Publicado el 20 agosto 2011 por Linkk @linkk_81
Aquellos que crecimos en los 80, aprendimos a amar al cine ejerciendo de artesanos, soñando con formar parte de aventuras imposibles, rebobinando una y otra vez nuestras gastadas cintas de VHS, ejecutando grabaciones de la televisión con precisión milimétrica, y elaborando carátulas para dar lustre a nuestros primeros tesoros cinematográficos. Así, obras como Los Goonies, ET, Dentro del Laberinto o las inolvidables andanzas de Indiana Jones o Marty McFly llenaban nuestras estanterías, esperando a ser devoradas por enésima vez en una lluviosa tarde de otoño. Era una época distinta a la actual, en la que el deslumbrante blanco impoluto de la tecnología aún no existía, pero en la que los niños vestían sus infancias de cómics, mecanos, chándals parcheados, rasguños labrados en los parques, y chucherías de duro y peseta. ¿No es cierto que, cerca de los 30, uno espera, con impaciencia mal disimulada, que llegue algo o alguien capaz de evocar, aunque sea en un breve espacio de tiempo, aquellos años, aquellas tardes, aquellos momentos? Rara vez ocurre, pero ese es el principal reto de la obra que nos ocupa.

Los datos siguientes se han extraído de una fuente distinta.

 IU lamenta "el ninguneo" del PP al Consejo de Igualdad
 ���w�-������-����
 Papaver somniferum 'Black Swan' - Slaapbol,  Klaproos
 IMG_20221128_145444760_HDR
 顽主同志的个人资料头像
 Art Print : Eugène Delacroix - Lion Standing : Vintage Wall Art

Súper 8, de JJAbrams, ejerce indisimuladamente de máquina del tiempo, tratando de recuperar una esencia perdida, una forma de hacer cine -incluso de vivir, si me apuran-, recuperando aquella mezcla de ingenuidad y espectáculo que hizo de Spìelberg el padre adoptivo de muchos cinéfilos. Abrams, al que la serie Lost concedió un aura casi inalcanzable para un director de series, se había "conformado" hasta el momento con hacerse cargo de una entrega de Misión Imposible, y de recuperar -con brillantez- la saga Star Trek para la causa. Suficiente para despertar interés, pero insuficiente para medirle. Súper 8 es su primera obra enteramente personal. Uno lee, y lo prioritario parece ser examinar su condición de heredero de Spielberg. Escaso reconocimiento para un talento que, premeditación aparte, ha demostrado sobradamente que tiene cabida en la primera línea del cine contemporáneo.

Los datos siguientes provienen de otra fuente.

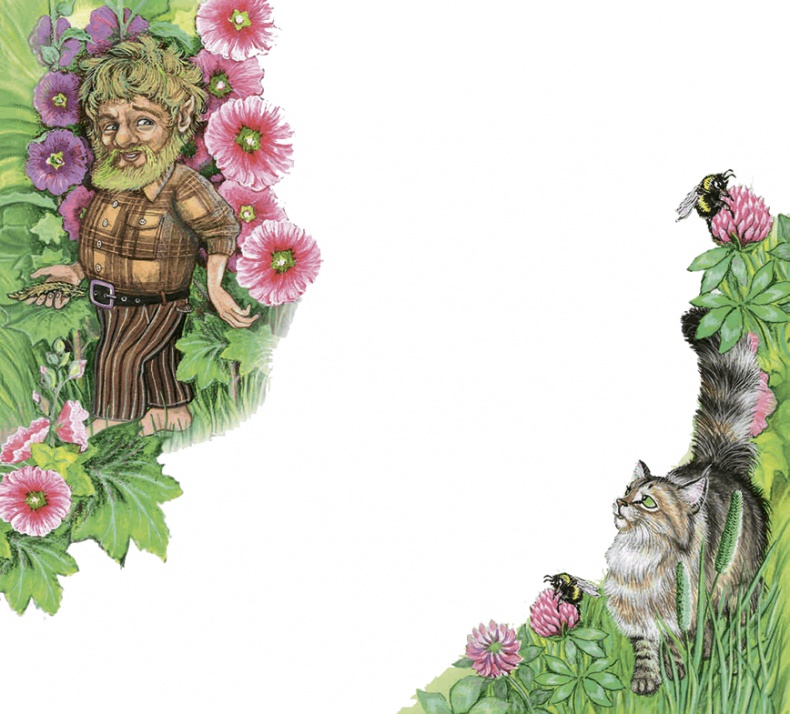 Иллюстрация к книге — Необыкновенные приключения кошки Нюси. Домовой и тайна волшебной книги [i_033.jpg]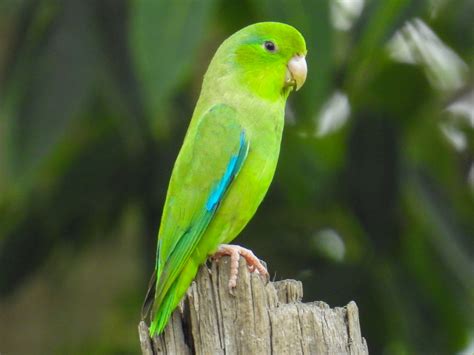 parrotlet bird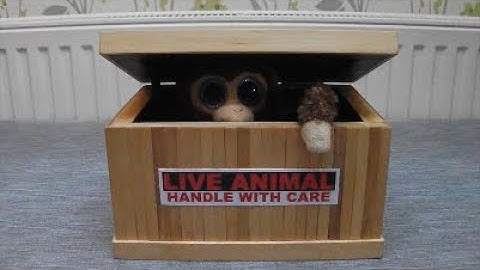 Arduino Useless Box (Cheeky Monkey)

A medio camino entre el calculadísimo homenaje a Spielberg -la relación paterno-filial, las huídas en bicicleta, el contacto visual entre el niño y el monstruo-, y su concepción de cine espectáculo de envergadura -la explosión del tren arranca la respiración de cualquiera-, Súper 8 debería reclamar para sí un mérito casi inalcanzable: la conquista de una parcela del cerebro dormida, el regreso del sabor del regaliz y la nocilla, la evocación de una nostalgia tan real como mágica. Cierto es que ayuda una producción firme e inapelable, una estética pluscuamperfecta, un MacGuffin de manual, y la maravillosa interpretación de los seis niños protagonistas. Pero no es menos cierto que Súper 8 no sería especial si no dejara esa dulzura en el paladar, esa nostalgia mal tapada en nuestros días por el vacío dominio de la tecnología, y ese sueño dormido -o despierto-, que habita en muchos de nosotros, y que nos hace pensar en aquellos días en los que la vida era una enorme carretera de la que sólo conocíamos el principio, y cualquier día una oportunidad para vivir una maravillosa aventura. Eso es Súper 8, a fin de cuentas: Nostalgia grabada en 8 milímetros.